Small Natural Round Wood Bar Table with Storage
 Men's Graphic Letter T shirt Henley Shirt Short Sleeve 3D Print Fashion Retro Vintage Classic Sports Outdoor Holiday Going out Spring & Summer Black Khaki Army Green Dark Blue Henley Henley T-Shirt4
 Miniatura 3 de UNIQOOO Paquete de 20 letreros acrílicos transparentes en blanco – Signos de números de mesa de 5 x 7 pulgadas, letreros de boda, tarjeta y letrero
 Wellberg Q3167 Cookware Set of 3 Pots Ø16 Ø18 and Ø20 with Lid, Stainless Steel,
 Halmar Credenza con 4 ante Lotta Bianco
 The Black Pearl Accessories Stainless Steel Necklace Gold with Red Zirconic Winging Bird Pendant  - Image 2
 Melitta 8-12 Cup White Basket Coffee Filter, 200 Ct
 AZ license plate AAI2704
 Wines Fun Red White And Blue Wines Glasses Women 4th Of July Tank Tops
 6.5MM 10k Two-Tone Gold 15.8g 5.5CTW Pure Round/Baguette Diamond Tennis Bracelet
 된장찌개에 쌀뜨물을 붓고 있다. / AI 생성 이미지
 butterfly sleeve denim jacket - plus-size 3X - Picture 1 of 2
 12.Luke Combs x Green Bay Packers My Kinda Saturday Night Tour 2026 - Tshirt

-=-=-

TASK GOAL: Looking at the records above, say how many lines hold the string "Steel". Write nothing but the number.

RESULT BELOW: 2